INSTRUCTIONS TO FOLLOW
Your answer must be an exact retyping of the line containing "Eemax AP036208 EE" and every line after it through the end of the records below, with no pictures and nothing else.

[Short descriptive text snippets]
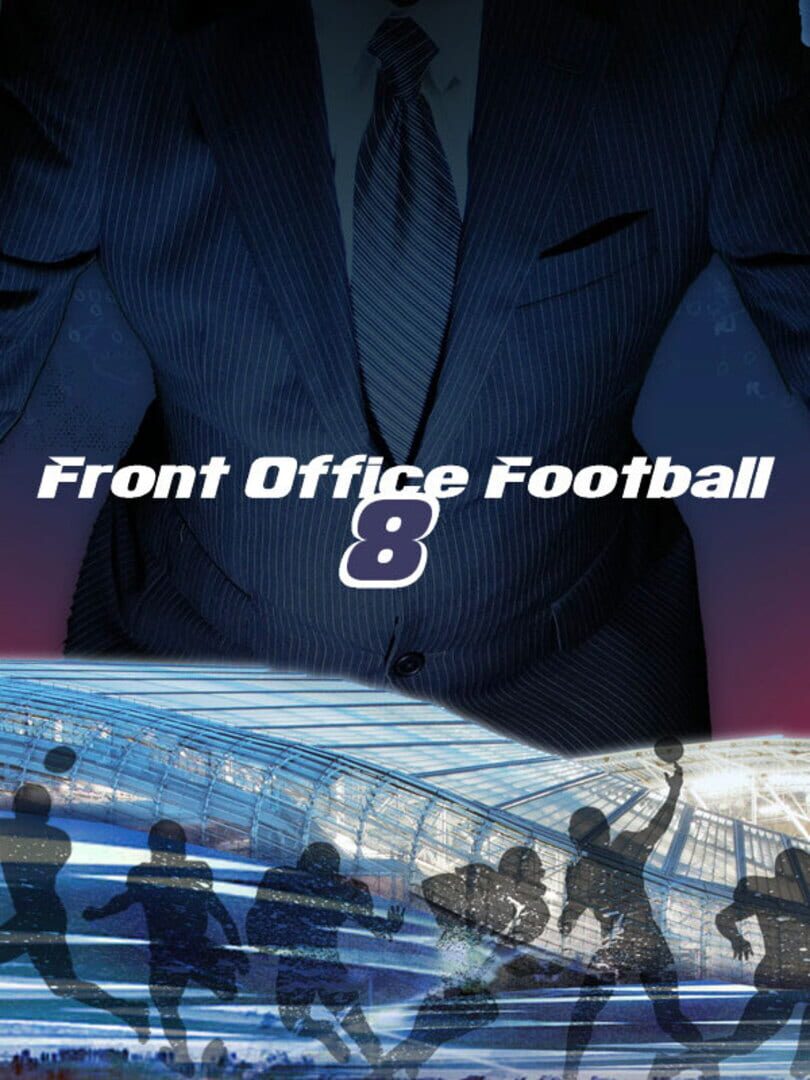 Front Office Football Eight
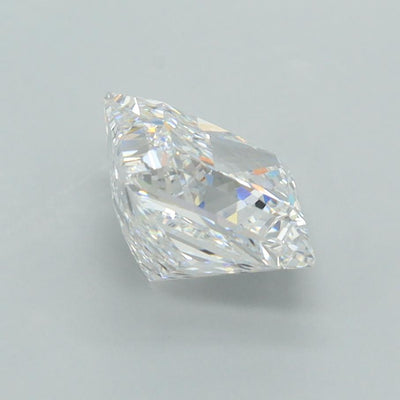 2.01 Carat Princess Lab Diamond :: Greenstar spin frame 03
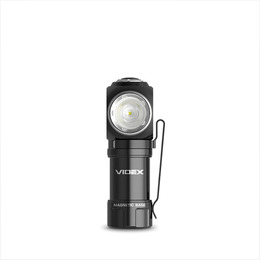 Портативний світлодіодний ліхтарик VIDEX VLF-A055H 600Lm 5700K. Фото 2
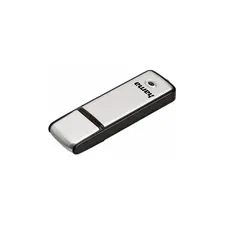 Pen Drive USB-A 2.0 32GB 237 Hama Fancy Prata - Armazenamento portátil de alta velocidade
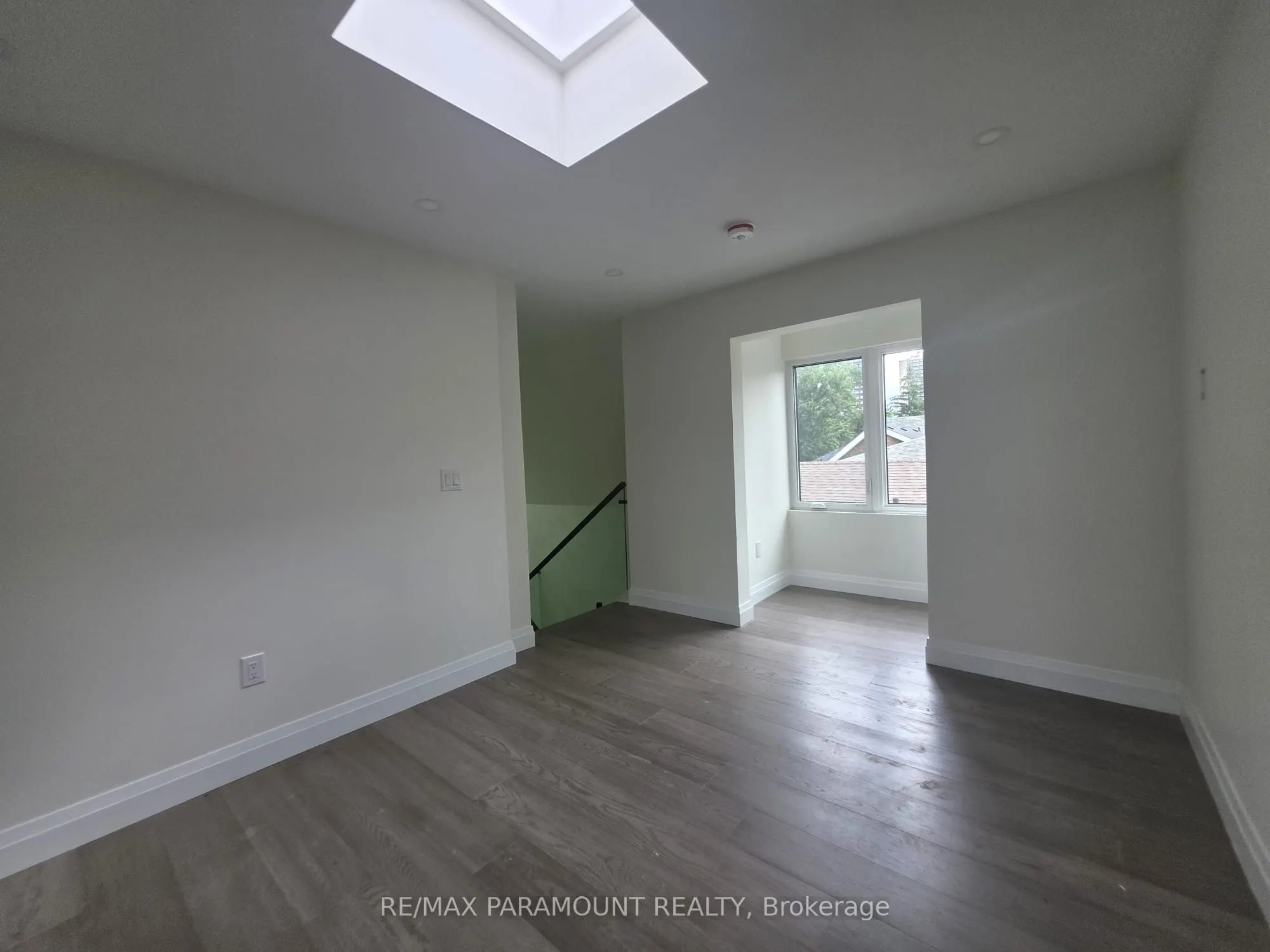 136 High Park Avenue, #2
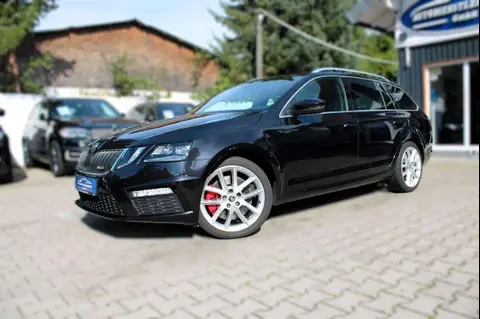 Used SKODA OCTAVIA Petrol 2018 Ad 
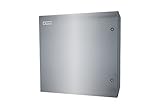 Eemax AP036208 EE N4X 36KW 208V Tankless Water Heater for Emergency Eye Wash in Nema 4x Cabinet [並行輸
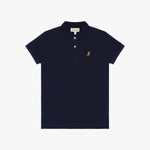 Women's Regular Fit Polo Shirt - JAMES BARK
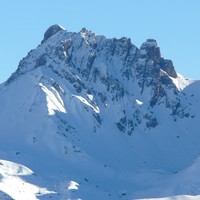 Aiguille du Grand Fond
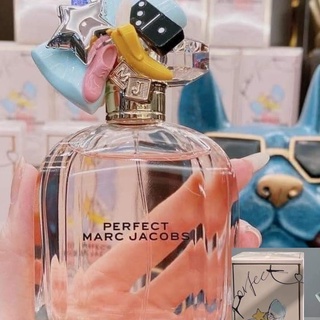 Nước hoa Marc Jacobs các dòng fullsz 50ml và 100ml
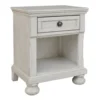 Ashley Robbinsdale Nightstand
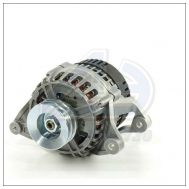 Генератор 28 v 80 а  КАМАЗ  ЕВРО 3122.3771 купить с доставкой по Перми и РФ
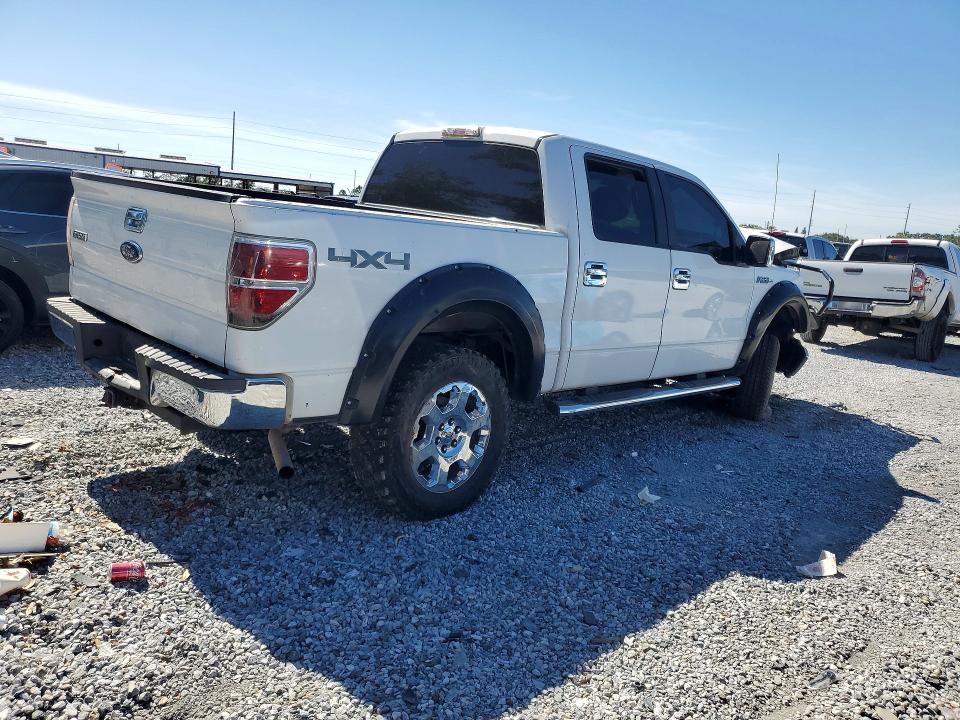 Aukcja sprzedaży 2010 Ford F150, vin: 1FTEW1E88AFB34097, numer aukcji: 51955516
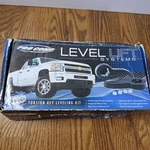 Pro Comp Lift Suspension 63161 2.5" Torsion Key Leveling Kit Chevy. Fixed Price $34.99.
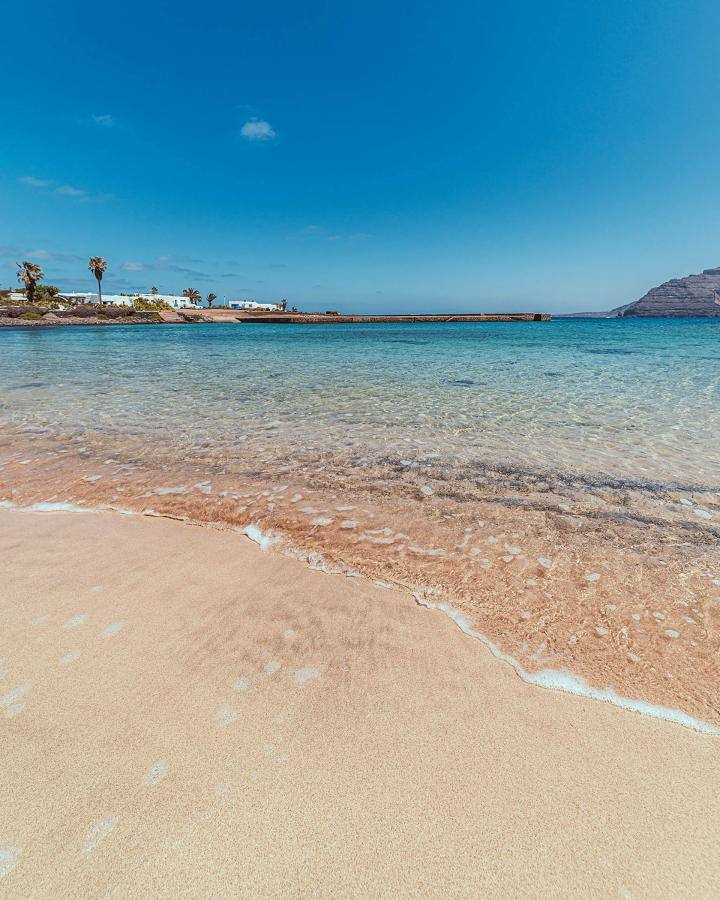 Fotos: Las mejores playas de La Graciosa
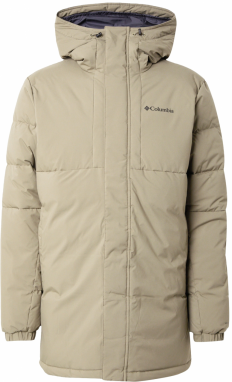 COLUMBIA Outdoorová bunda 'Aldercrest II'  kaki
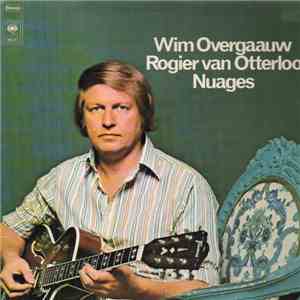 Wim Overgaauw - Nuages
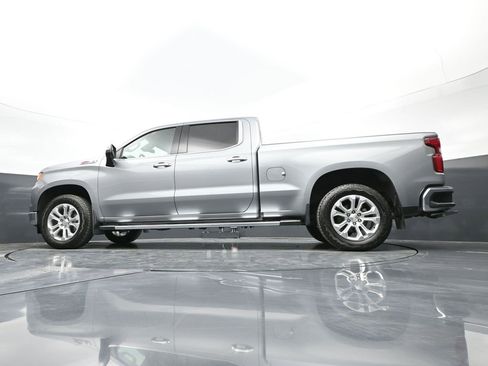 Used 2024 Chevrolet Silverado 1500 LTZ image 51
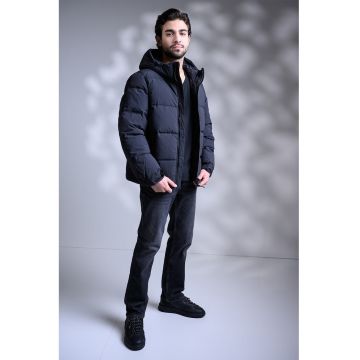 Geaca cu vatelina Oakfield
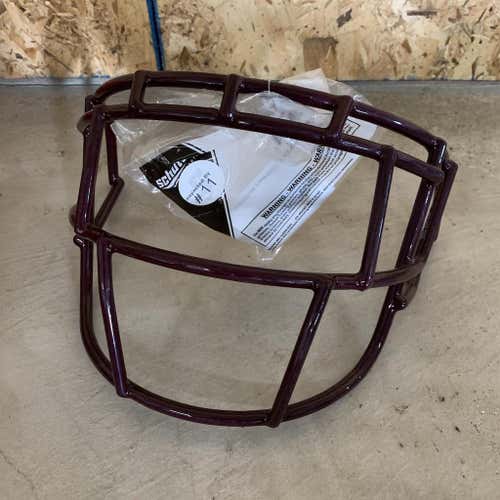 Brand New | Magenta | VEGOP CLASSIC Football Cage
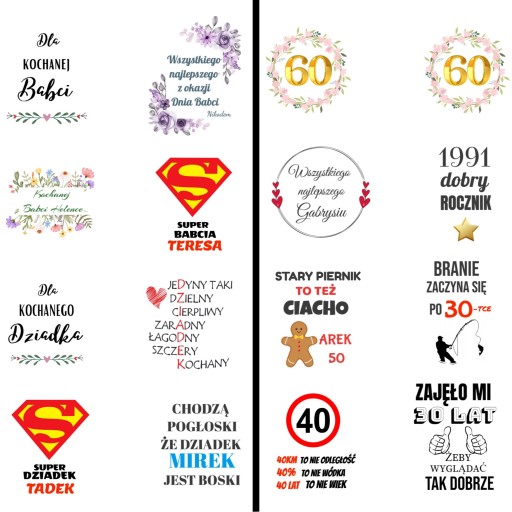 HRNČEK S VLASTNOU FOTOPOtlačou A LOGOM ZA DARČEK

TASK SOLUTION
 Eemax AP036208 EE N4X 36KW 208V Tankless Water Heater for Emergency Eye Wash in Nema 4x Cabinet [並行輸
 Women's Regular Fit Polo Shirt - JAMES BARK
 Aiguille du Grand Fond
 Nước hoa Marc Jacobs các dòng fullsz 50ml và 100ml
 Ashley Robbinsdale Nightstand
 Генератор 28 v 80 а  КАМАЗ  ЕВРО 3122.3771 купить с доставкой по Перми и РФ
 Aukcja sprzedaży 2010 Ford F150, vin: 1FTEW1E88AFB34097, numer aukcji: 51955516
 Pro Comp Lift Suspension 63161 2.5" Torsion Key Leveling Kit Chevy. Fixed Price $34.99.
 Fotos: Las mejores playas de La Graciosa
 COLUMBIA Outdoorová bunda 'Aldercrest II'  kaki
 Wim Overgaauw - Nuages
 Used 2024 Chevrolet Silverado 1500 LTZ image 51
 Geaca cu vatelina Oakfield
 Brand New | Magenta | VEGOP CLASSIC Football Cage
 HRNČEK S VLASTNOU FOTOPOtlačou A LOGOM ZA DARČEK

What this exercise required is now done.